Hacker News

I've read the link and the GitHub readme page.

I'm sure I'm in the top 1% of software devs for the most number of timestamps parsed. [1]

DST is not a problem in Python. It's parsing string timestamps. All libraries are bad, including this one, except Pandas. Pandas does great at DST too btw.

And I'm not shilling for Pandas either. I'm a Polars user who helicopters Pandas in whenever there's a timestamp that needs to be parsed.

Pandas has great defaults. Here's string timestamps I expect to be paesed by default. I'm willing to pass timezone in case of naive timestamps:

* All ISO 8601 formats and all its weird mutant children that differ by a tiny bit.

* 2025-05-01 (parsed not as date, but as timestamp)

* 2025-05-01 00:00:00 (or 00.0 or 00.000 or 0.000000 etc)

* 2025-05-01 00:00:00z (or uppercase Z or 00.0z or 00.000z or 0.000000z)

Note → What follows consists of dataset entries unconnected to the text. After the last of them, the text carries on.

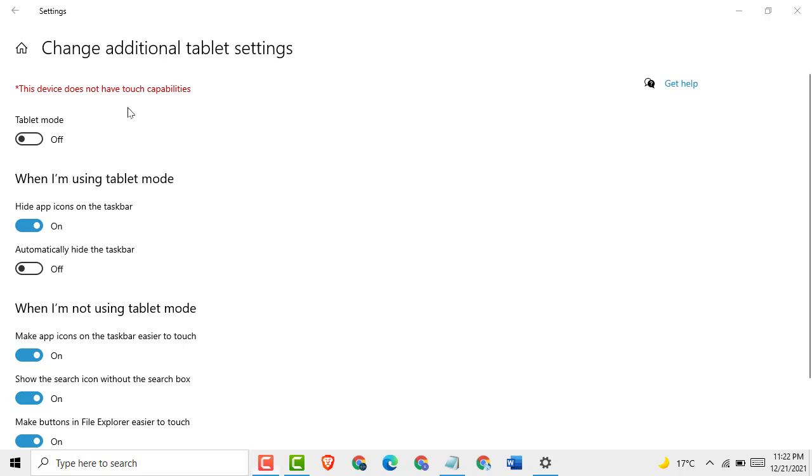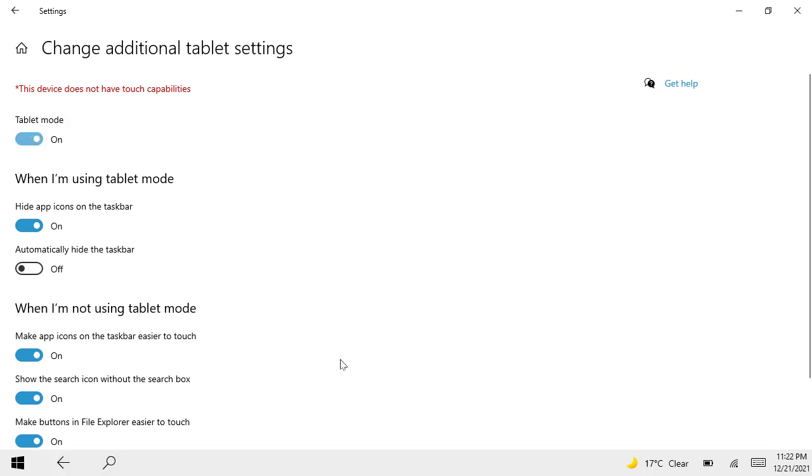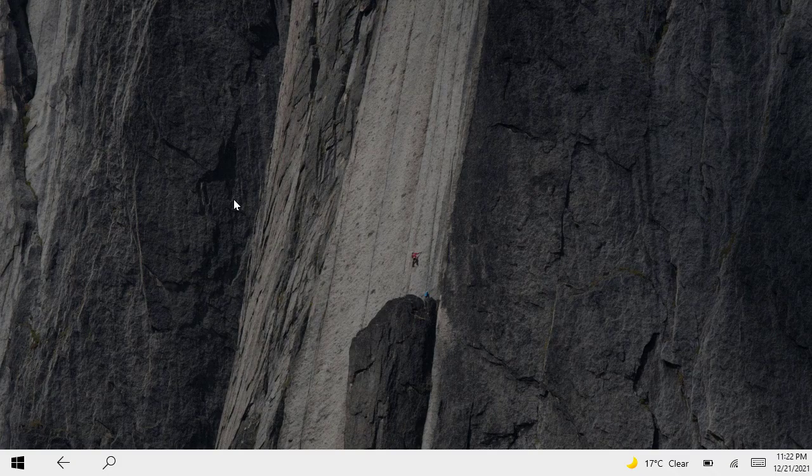Then you can see tablet mode. Just click on it. That's it. It's very easy and simple method.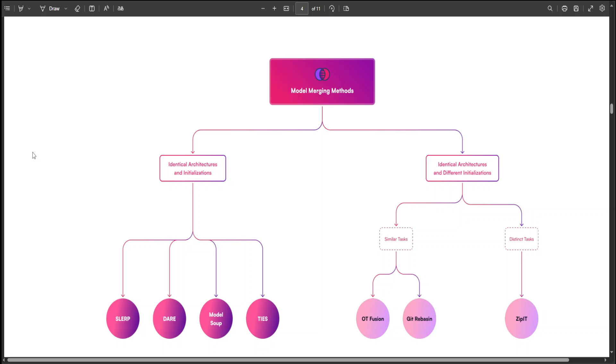They have different use cases in different scenarios. For example, we have SLERP, their model soup, or Linear and TIES. Let me go through them one by one. Linear, in this case, or model soup, combines models by averaging their parameters or outputs, assuming alignment in their structures. Whereas SLERP, which we will be by the way using in our demonstration today, stands for Spherical Linear Interpolation, and it interpolates between model parameters on a hypersphere. It is useful for smoothly transitioning between models.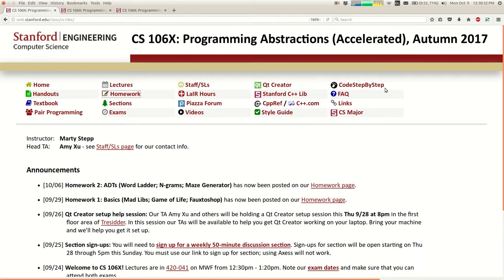All right, let's get started. Good afternoon, happy Monday. This week we are going to cover a new topic called recursion - that's going to be all week. Just out of curiosity, who here has ever programmed with recursion before? Oh, a lot of you, cool.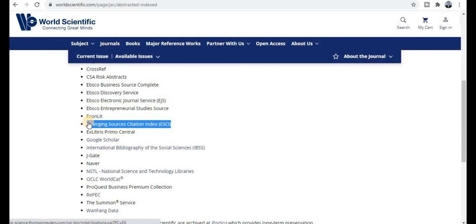All the journal links will be available in the description box below. If you have any problems or confusion, please write in the comment box and I will try to respond immediately. Please click the subscribe button, share this channel and video with your friends to help them, and thank you for watching.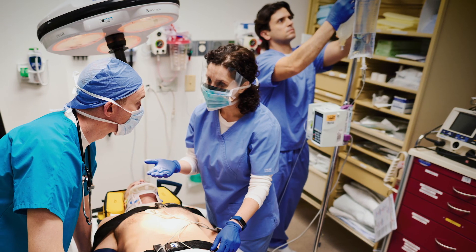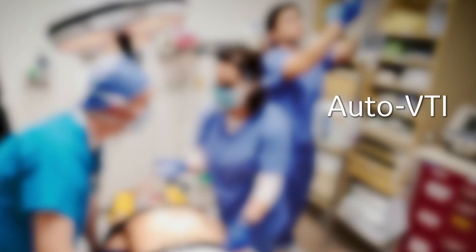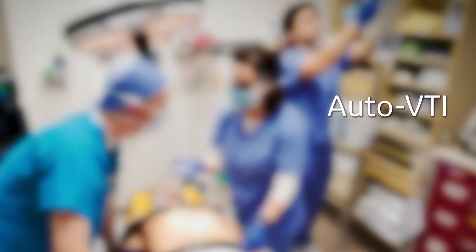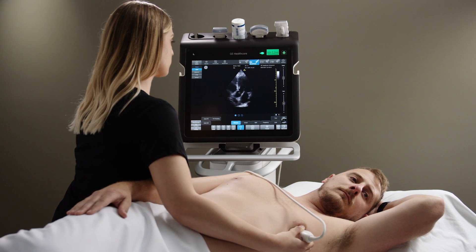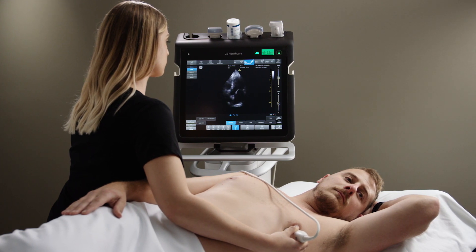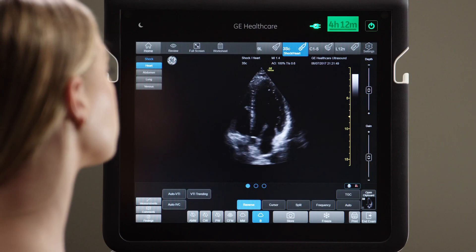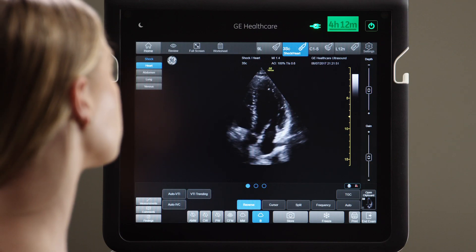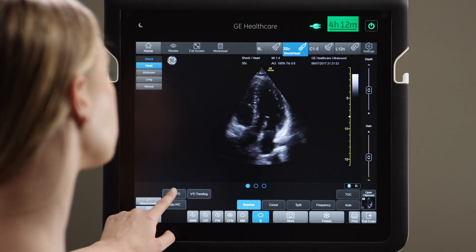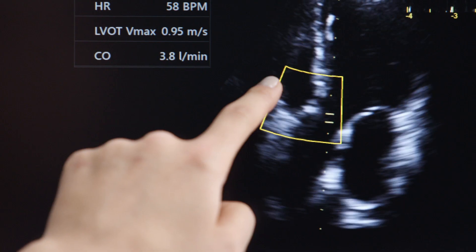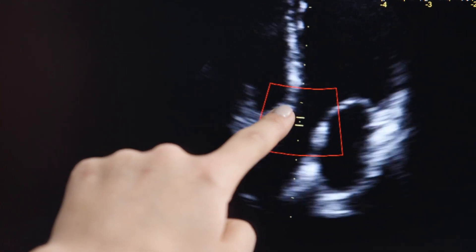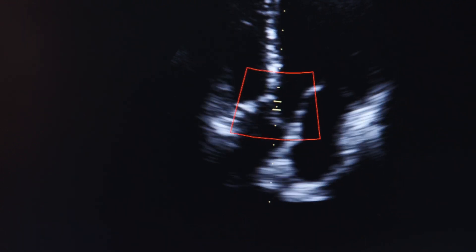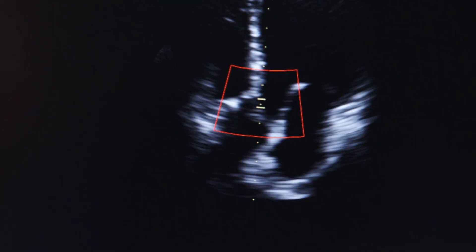You may want to know if the heart is pumping enough blood to end organs. When you use Venue and want to assess the VTI, find a 5 or 3 chamber view and press Auto VTI. If needed, optimize the position of the sample box over the left ventricular outflow track.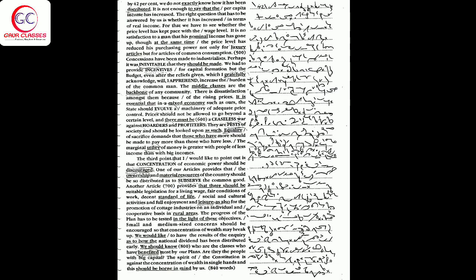Prices should not be allowed to go beyond a certain level and there must be a ceaseless war against hoarders and profiteers. They are pests of society and should be looked upon as such.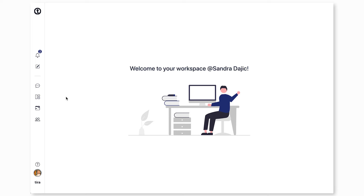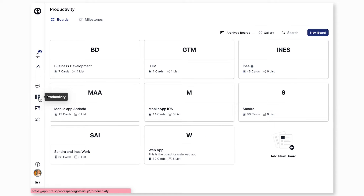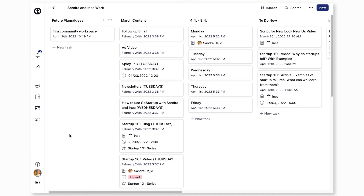To add a milestone to a task, navigate to the boards by clicking the productivity icon located in the left sidebar. Click a board and open any task you wish to assign a milestone to.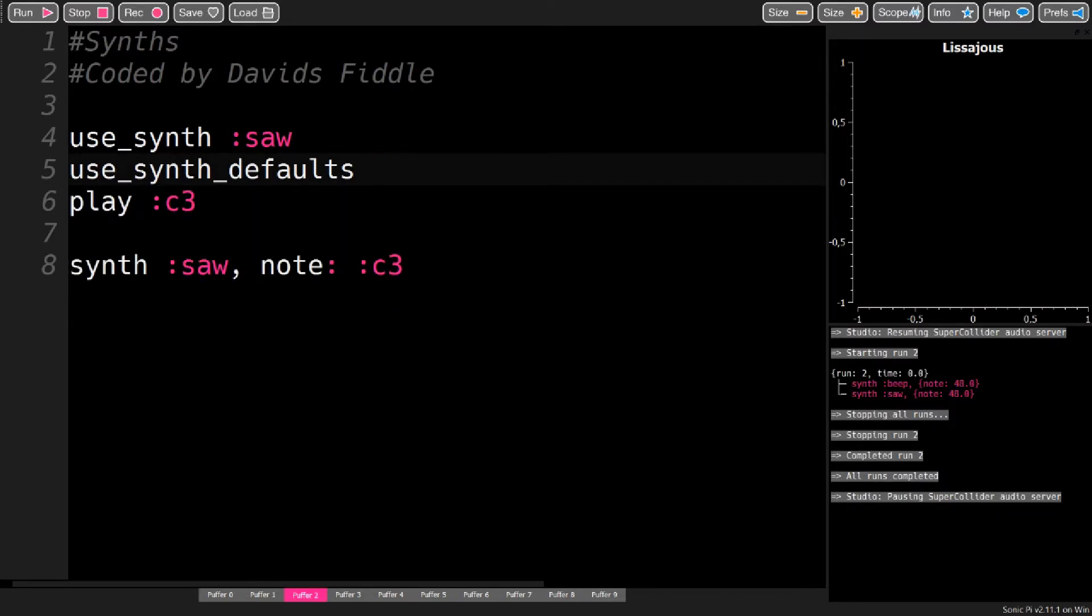You have attack, decay, sustain, and release, commonly known as ADSR, to control the synth over time.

* 2025-05-01 00:00:00+02:00 (I don't need this converted to some time zone. Store offset if you must or convert to UTC. It should be comparable to other non naive timestamps).

* 2025-03-30 02:30:00+02:00 (This is a non existent timestamp wrt European DST but a legitimate timestamp in timestamp representation, therefore it should be allowed unless I specify CET or Europe/Berlin whatever)

* There's other timestamps formats that are non standard but are obvious. Allow for a Boolean parameter called accept_sensible_string_parsing and then parse the following:

  \* 2025-05-01 00:00 (HH:mm format)

  \* 2025-05-01 00:00+01:00 (HH:mm format)

[1] It's not a real statistic, it's just that I work with a lot of time series and customer data.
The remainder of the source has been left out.